Give me better public transport and I'll leave the car at home. It's a frequent comment I receive from constituents. I am listening, we are listening.

I was proud to recently vote as a member of the board of Strathclyde Partnership for Transport to put to consultation a route map that will lead to our bus network returning to public control via franchising so that your voices could be heard.

It's no surprise the SPT recommendations are very similar to the bus governance route map agreed by Glasgow City Council in 2022. The SNP-led city council has a bold vision for public transport, including bus priority enhancements on five Strategic Bus Corridors across Glasgow including Dumbarton Road and Great Western Road. SPT is now being bolder under its first-ever SNP chair, Stephen Dornan. Our national government in Edinburgh has also taken positive steps to improve public transport.

Bus deregulation was part of the Thatcherite ‘big bang’ of neo-liberal policy, which allowed for both deregulation and privatisation in the bus market this allowed private companies – and eventually monopolies – to emerge.

Enabled by the Labour Administration at Glasgow City Council who undervalued the sale at £30m, the resulting hollowing out in our bus capacity and network was an inevitable result. Like the Tories, Labour expected people to ‘get on their bike’ without investing in the active travel network SNP are also doing to tackle their destructive legacy.

The Scottish Government brought ScotRail under public control righting these wrongs. Just a few days ago, data showed it is one of the best-performing train operators in the UK.

SPT is currently delivering an over £200 million modernisation scheme for the Subway, with Sunday operating hours to be expanded upon completion. SPT will also be delivering a new 'smart' version of the zonecard travel pass with new ticket durations available such as day tickets. This will mean seamless journeys across different forms of public transport.

The ambitious Clyde Metro project which will be a key connector, particularly to areas not so well served by existing public transport, moved a step further forward with Glasgow City Council securing over £12 million to assist to move this forward.

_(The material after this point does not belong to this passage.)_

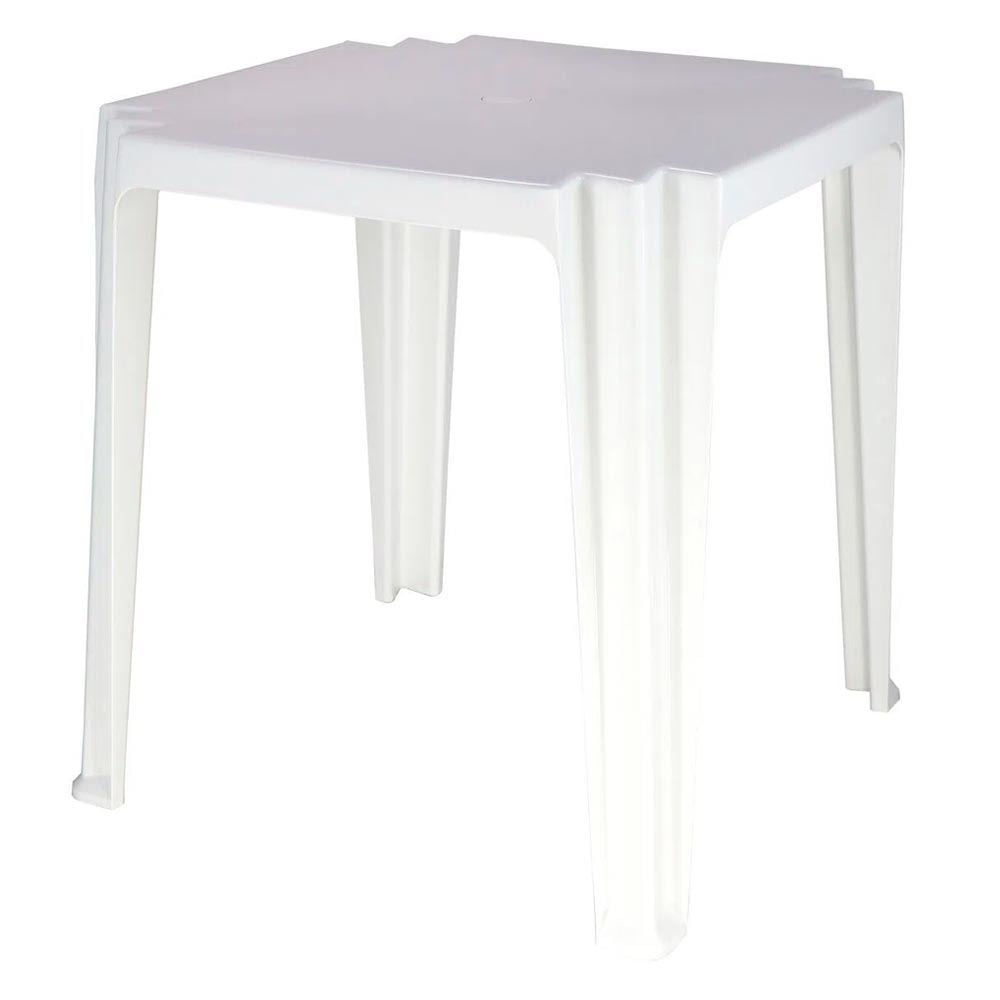 Mesa plástica quadrada branca, modelo tradicional para áreas externas e eventos.
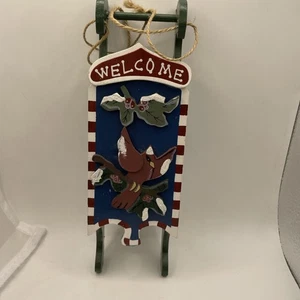 "Adorno de árbol de Navidad de metal de madera de campo rústico vintage 8"" B26" - Imagen 1 de 4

When it comes to delivering bus franchising, it's important to be upfront with the public and state two important facts. 1. Franchising won't happen overnight and some patience will be required. 2. Significant money will need to be provided by the Scottish Government and/or the UK Government.

The latter point has been used by some as validation as to why bus franchising should not proceed. Claiming that this would be a waste of public money is a misjudged view in my opinion. The cost is clear but what needs to be highlighted more is the benefits. The economic benefit of public transport is without doubt. It helps someone go to a college course or travel to a new job opening up a range of opportunities. An improved bus network as part of better overall public transport can power the economy while assisting in tackling inequality. If we are serious about the fight against the climate emergency, then good quality public transport is also essential.

For some bus franchising is a matter of ideology, for me it represents the best chance to deliver the radical change to our bus network that the public deserve. I encourage everyone who cares about our bus network to head on to the SPT website and submit their views on the consultation. The SNP have made sure SPT are listening and hearing your voice.